Training on Caltech101: Not Learning

Dear friends,

I am trying to adapt the ImageNet example to use PyTorch to train on Caltech101, an also important dataset.

I am using ImageFolder just like it is used in ImageNet example, but the model VGG from vision.models is not learning (Loss is not going to zero):

EPOCH: 4
Learning Rate: 0.1000
Namespace(batch_size=16, dataset=‘caltech101’, epochs=5, evaluate=False, learning_rate_decay_epochs=(6, 8, 9), learning_rate_decay_period=25, learning_rate_decay_rate=0.2, model=‘vgg19_bn’, momentum=0.9, original_learning_rate=0.1, print_freq=16, seed=1, weight_decay=0.0005, workers=1)
Epoch: [4][16/190] Time 0.291 (0.285) Data 0.000 (0.004) Loss 4.6316 (4.6236) Prec@1 0.000 (0.391) Prec@5 0.000 (3.125)
Epoch: [4][32/190] Time 0.285 (0.287) Data 0.000 (0.002) Loss 4.6337 (4.6283) Prec@1 0.000 (0.586) Prec@5 0.000 (3.516)
Epoch: [4][48/190] Time 0.283 (0.286) Data 0.000 (0.001) Loss 4.6657 (4.6294) Prec@1 0.000 (0.781) Prec@5 0.000 (3.385)
Epoch: [4][64/190] Time 0.283 (0.286) Data 0.000 (0.001) Loss 4.6256 (4.6309) Prec@1 0.000 (0.684) Prec@5 0.000 (3.320)
Epoch: [4][80/190] Time 0.283 (0.285) Data 0.000 (0.001) Loss 4.6329 (4.6314) Prec@1 0.000 (0.625) Prec@5 0.000 (3.281)
Epoch: [4][96/190] Time 0.283 (0.285) Data 0.000 (0.001) Loss 4.6345 (4.6329) Prec@1 0.000 (0.521) Prec@5 12.500 (3.125)
Epoch: [4][112/190] Time 0.283 (0.285) Data 0.000 (0.001) Loss 4.6323 (4.6343) Prec@1 0.000 (0.558) Prec@5 0.000 (2.958)
Epoch: [4][128/190] Time 0.283 (0.284) Data 0.000 (0.001) Loss 4.6604 (4.6355) Prec@1 0.000 (0.488) Prec@5 6.250 (3.027)
Epoch: [4][144/190] Time 0.285 (0.284) Data 0.000 (0.001) Loss 4.7083 (4.6372) Prec@1 0.000 (0.434) Prec@5 0.000 (2.908)
Epoch: [4][160/190] Time 0.287 (0.285) Data 0.000 (0.001) Loss 4.6679 (4.6370) Prec@1 6.250 (0.508) Prec@5 6.250 (3.086)
Epoch: [4][176/190] Time 0.287 (0.285) Data 0.000 (0.000) Loss 4.6311 (4.6385) Prec@1 6.250 (0.497) Prec@5 6.250 (2.947)
TRAIN@1: 0.528

The images are JPG and bellow you see my code:

    train_transform = transforms.Compose([
        transforms.RandomSizedCrop(224),
        transforms.RandomHorizontalFlip(),
        transforms.ToTensor(),
        normalize,
    ])
    val_transform = transforms.Compose([
        transforms.Scale(256),
        transforms.CenterCrop(224),
        transforms.ToTensor(),
        normalize,
    ])

Question: Do I need to explicit convert JPG to BMP in some way?
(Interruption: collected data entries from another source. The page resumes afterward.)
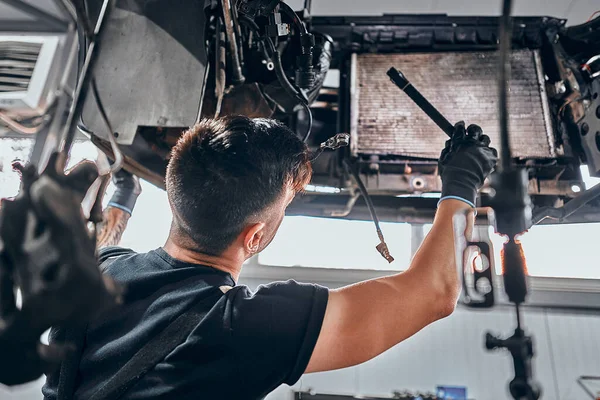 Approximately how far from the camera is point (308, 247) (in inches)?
143

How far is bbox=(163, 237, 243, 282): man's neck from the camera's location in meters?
0.88

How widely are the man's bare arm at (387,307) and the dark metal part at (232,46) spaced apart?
718 millimetres

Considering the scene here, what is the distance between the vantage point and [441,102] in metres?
1.48

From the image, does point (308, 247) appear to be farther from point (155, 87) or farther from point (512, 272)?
point (512, 272)

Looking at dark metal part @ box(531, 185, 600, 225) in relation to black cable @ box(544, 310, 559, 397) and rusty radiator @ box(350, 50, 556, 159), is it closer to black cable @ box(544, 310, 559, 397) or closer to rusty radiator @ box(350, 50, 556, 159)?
rusty radiator @ box(350, 50, 556, 159)

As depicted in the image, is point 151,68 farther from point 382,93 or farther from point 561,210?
point 561,210

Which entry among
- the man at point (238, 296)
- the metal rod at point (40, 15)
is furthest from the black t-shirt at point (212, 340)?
the metal rod at point (40, 15)

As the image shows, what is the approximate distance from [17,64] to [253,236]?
94.7 inches

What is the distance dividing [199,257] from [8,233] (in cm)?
53

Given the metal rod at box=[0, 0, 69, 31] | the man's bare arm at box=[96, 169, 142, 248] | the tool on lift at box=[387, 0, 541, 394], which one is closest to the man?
the tool on lift at box=[387, 0, 541, 394]

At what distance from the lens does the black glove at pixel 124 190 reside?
162 centimetres

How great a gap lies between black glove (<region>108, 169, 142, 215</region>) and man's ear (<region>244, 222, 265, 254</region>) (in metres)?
0.87

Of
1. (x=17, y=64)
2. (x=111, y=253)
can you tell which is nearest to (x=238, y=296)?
(x=111, y=253)

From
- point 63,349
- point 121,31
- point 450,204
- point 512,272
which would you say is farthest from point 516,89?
point 63,349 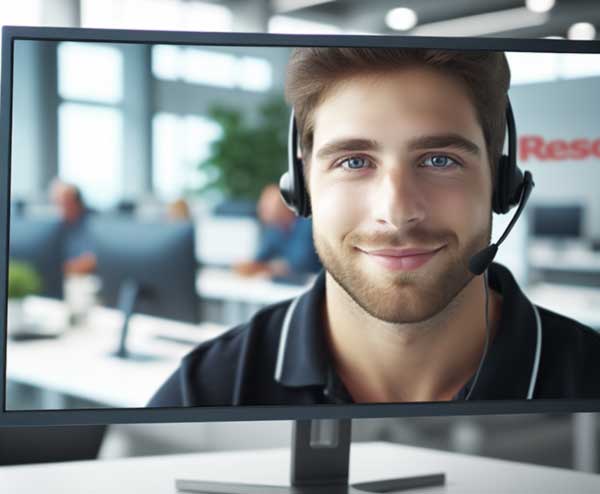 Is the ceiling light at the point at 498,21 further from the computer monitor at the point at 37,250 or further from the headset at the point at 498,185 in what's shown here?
the computer monitor at the point at 37,250

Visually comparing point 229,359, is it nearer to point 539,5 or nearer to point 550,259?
point 550,259

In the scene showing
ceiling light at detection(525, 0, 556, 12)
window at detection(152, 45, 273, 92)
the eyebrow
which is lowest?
the eyebrow

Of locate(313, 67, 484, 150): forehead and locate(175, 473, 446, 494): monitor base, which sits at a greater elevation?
locate(313, 67, 484, 150): forehead

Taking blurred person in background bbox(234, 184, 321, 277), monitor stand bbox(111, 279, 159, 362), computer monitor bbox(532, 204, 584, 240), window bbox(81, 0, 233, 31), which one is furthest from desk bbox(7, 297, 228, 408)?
window bbox(81, 0, 233, 31)

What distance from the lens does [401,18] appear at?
218 inches

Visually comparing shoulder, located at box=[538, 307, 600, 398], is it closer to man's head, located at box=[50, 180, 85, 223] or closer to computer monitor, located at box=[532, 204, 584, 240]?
computer monitor, located at box=[532, 204, 584, 240]

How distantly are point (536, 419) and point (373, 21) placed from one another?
3172mm

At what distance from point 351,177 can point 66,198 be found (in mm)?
311

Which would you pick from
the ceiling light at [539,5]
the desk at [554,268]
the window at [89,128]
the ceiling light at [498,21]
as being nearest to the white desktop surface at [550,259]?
the desk at [554,268]

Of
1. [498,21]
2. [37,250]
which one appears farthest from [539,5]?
[37,250]

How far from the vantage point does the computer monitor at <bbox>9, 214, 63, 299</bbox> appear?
0.93 metres

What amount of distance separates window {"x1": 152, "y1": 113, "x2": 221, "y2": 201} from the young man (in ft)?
0.36

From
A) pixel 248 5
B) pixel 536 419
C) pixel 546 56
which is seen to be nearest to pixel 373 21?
pixel 248 5

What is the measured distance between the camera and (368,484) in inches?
44.1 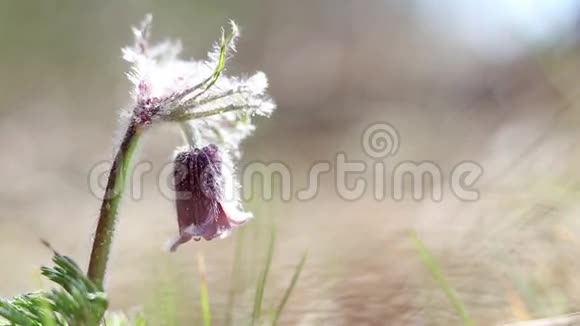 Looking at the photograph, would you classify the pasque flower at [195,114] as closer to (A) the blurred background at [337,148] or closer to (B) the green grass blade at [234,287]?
(A) the blurred background at [337,148]

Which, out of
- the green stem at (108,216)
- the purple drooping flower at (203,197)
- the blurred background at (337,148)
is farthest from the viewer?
the blurred background at (337,148)

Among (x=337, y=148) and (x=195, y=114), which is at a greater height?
(x=337, y=148)

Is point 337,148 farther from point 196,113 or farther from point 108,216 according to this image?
point 108,216

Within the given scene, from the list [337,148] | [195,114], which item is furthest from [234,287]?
[337,148]

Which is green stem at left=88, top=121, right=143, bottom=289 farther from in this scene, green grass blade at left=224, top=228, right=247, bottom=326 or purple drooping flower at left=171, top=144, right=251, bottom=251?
green grass blade at left=224, top=228, right=247, bottom=326

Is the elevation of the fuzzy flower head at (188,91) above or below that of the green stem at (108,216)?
above

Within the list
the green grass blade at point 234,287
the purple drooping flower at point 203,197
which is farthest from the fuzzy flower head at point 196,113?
the green grass blade at point 234,287

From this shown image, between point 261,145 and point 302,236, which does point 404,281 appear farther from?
point 261,145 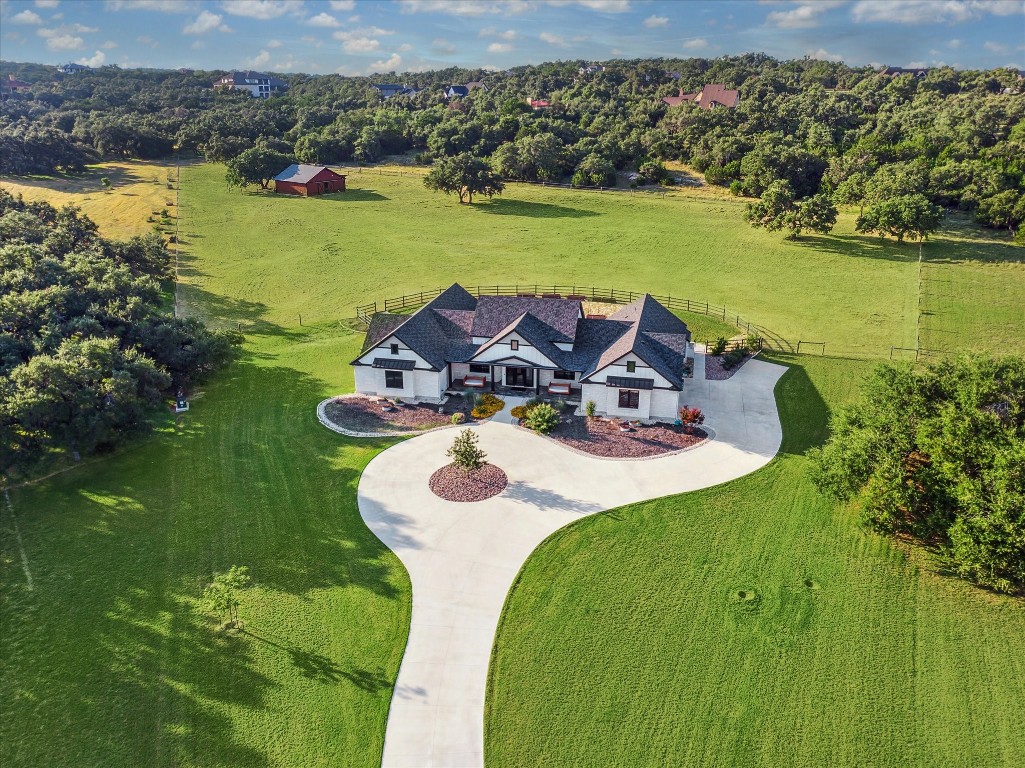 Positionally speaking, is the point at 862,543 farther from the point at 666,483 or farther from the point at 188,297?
the point at 188,297


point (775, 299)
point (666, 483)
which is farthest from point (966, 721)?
point (775, 299)

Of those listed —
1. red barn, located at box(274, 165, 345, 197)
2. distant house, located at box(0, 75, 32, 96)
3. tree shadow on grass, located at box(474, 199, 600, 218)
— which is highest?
distant house, located at box(0, 75, 32, 96)

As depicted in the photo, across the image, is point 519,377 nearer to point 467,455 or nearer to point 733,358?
point 467,455

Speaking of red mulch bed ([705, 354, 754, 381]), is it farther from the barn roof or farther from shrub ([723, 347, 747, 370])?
the barn roof

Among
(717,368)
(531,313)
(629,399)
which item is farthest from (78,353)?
(717,368)

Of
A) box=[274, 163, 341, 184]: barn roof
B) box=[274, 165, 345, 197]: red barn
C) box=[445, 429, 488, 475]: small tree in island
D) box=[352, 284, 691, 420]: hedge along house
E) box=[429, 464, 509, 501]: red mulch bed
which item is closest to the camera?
box=[429, 464, 509, 501]: red mulch bed

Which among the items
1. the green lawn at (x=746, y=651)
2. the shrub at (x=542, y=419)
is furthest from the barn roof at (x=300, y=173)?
the green lawn at (x=746, y=651)

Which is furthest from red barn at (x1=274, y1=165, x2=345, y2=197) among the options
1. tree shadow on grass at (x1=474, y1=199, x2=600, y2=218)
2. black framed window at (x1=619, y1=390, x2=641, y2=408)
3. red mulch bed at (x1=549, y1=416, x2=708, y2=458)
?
black framed window at (x1=619, y1=390, x2=641, y2=408) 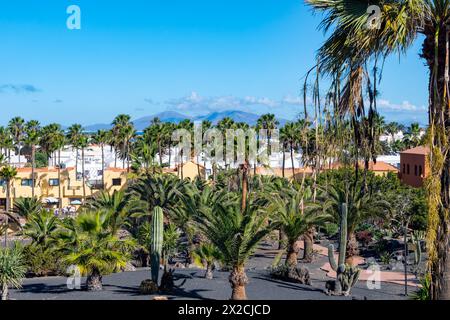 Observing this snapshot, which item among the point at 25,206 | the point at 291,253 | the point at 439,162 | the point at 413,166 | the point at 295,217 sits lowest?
the point at 291,253

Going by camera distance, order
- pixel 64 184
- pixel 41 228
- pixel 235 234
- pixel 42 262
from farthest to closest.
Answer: pixel 64 184 → pixel 41 228 → pixel 42 262 → pixel 235 234

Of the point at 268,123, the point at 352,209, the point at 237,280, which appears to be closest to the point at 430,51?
the point at 237,280

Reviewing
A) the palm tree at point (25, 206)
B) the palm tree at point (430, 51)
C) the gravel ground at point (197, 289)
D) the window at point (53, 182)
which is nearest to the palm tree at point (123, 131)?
the window at point (53, 182)

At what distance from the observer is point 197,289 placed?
24156 millimetres

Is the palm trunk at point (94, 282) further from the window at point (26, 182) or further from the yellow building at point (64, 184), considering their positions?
the window at point (26, 182)

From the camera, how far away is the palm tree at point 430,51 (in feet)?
17.2

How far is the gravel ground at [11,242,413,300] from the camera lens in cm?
2256

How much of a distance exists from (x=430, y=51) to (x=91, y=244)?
19.1 meters

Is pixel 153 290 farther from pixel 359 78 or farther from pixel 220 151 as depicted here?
pixel 220 151

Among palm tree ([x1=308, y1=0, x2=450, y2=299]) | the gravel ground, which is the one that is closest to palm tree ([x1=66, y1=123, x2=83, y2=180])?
the gravel ground

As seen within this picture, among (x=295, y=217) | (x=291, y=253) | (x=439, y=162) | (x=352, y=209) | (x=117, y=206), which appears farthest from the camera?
(x=117, y=206)

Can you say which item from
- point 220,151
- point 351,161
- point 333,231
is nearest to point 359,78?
point 351,161

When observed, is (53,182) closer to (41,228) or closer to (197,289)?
(41,228) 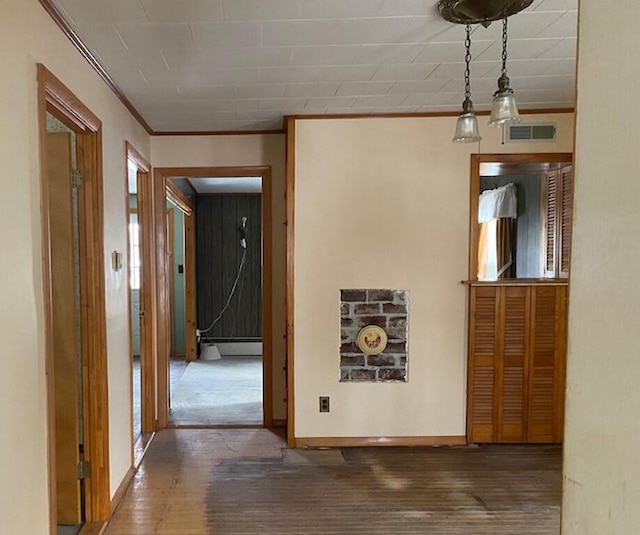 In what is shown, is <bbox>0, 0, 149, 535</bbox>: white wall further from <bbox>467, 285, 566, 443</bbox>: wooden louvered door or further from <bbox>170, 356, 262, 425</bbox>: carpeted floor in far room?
<bbox>467, 285, 566, 443</bbox>: wooden louvered door

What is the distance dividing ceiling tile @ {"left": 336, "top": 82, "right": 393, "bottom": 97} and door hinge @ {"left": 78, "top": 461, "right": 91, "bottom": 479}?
246 centimetres

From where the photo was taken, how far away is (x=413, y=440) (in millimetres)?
3049

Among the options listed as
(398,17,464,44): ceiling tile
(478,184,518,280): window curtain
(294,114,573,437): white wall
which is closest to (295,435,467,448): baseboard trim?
(294,114,573,437): white wall

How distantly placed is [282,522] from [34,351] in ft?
4.87

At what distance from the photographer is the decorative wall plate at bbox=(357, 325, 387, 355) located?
9.90ft

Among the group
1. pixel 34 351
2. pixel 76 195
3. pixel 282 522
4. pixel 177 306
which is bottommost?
pixel 282 522

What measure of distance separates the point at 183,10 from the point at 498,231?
3908 millimetres

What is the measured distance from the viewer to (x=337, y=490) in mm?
2482

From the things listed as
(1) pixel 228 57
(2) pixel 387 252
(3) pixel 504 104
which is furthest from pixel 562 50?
(1) pixel 228 57

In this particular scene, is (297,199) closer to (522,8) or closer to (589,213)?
(522,8)

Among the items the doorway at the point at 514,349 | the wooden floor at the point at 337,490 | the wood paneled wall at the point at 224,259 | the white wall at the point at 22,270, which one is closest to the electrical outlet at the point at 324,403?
the wooden floor at the point at 337,490

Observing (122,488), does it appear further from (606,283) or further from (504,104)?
(504,104)

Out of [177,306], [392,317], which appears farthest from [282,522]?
[177,306]

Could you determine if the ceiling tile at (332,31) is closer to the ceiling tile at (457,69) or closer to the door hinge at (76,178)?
the ceiling tile at (457,69) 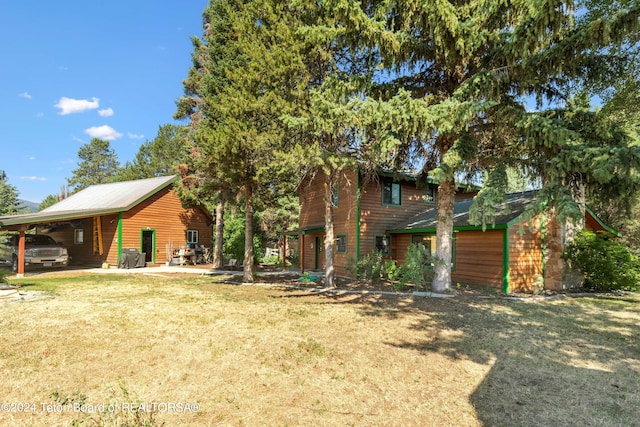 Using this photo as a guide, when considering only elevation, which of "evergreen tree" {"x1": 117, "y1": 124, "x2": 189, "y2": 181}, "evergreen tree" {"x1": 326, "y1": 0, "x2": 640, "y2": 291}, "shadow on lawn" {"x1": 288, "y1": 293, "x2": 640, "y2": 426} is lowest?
"shadow on lawn" {"x1": 288, "y1": 293, "x2": 640, "y2": 426}

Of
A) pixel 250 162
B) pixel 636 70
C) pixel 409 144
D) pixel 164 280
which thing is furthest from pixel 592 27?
pixel 164 280

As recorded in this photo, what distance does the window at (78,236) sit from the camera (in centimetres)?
2211

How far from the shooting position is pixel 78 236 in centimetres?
2234

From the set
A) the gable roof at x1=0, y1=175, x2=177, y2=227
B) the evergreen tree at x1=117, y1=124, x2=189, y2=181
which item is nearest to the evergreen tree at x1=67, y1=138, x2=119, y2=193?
the evergreen tree at x1=117, y1=124, x2=189, y2=181

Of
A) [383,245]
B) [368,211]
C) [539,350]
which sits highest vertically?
[368,211]

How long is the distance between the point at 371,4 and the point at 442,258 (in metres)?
8.50

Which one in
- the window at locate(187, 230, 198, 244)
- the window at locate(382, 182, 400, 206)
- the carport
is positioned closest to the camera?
the carport

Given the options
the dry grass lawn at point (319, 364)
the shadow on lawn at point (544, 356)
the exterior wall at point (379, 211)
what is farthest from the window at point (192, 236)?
the shadow on lawn at point (544, 356)

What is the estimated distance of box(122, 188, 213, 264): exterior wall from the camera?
20.5 m

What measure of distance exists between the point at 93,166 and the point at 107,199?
42.0m

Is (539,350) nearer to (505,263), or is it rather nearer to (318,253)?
(505,263)

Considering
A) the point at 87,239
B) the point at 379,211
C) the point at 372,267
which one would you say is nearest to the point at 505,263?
the point at 372,267

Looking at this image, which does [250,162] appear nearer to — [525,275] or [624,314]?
[525,275]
Or this should not be necessary since we are using PIL library anyway?

I guess ImageNet images are provided in BMP format, right? Should this fact make any difference?

Thanks in advance,

David

No, yo do not need to convert JPG to BMP.
Imagenet images are provided in JPG format.

Were you able to do this at the end? I am trying to do the same. Thanks.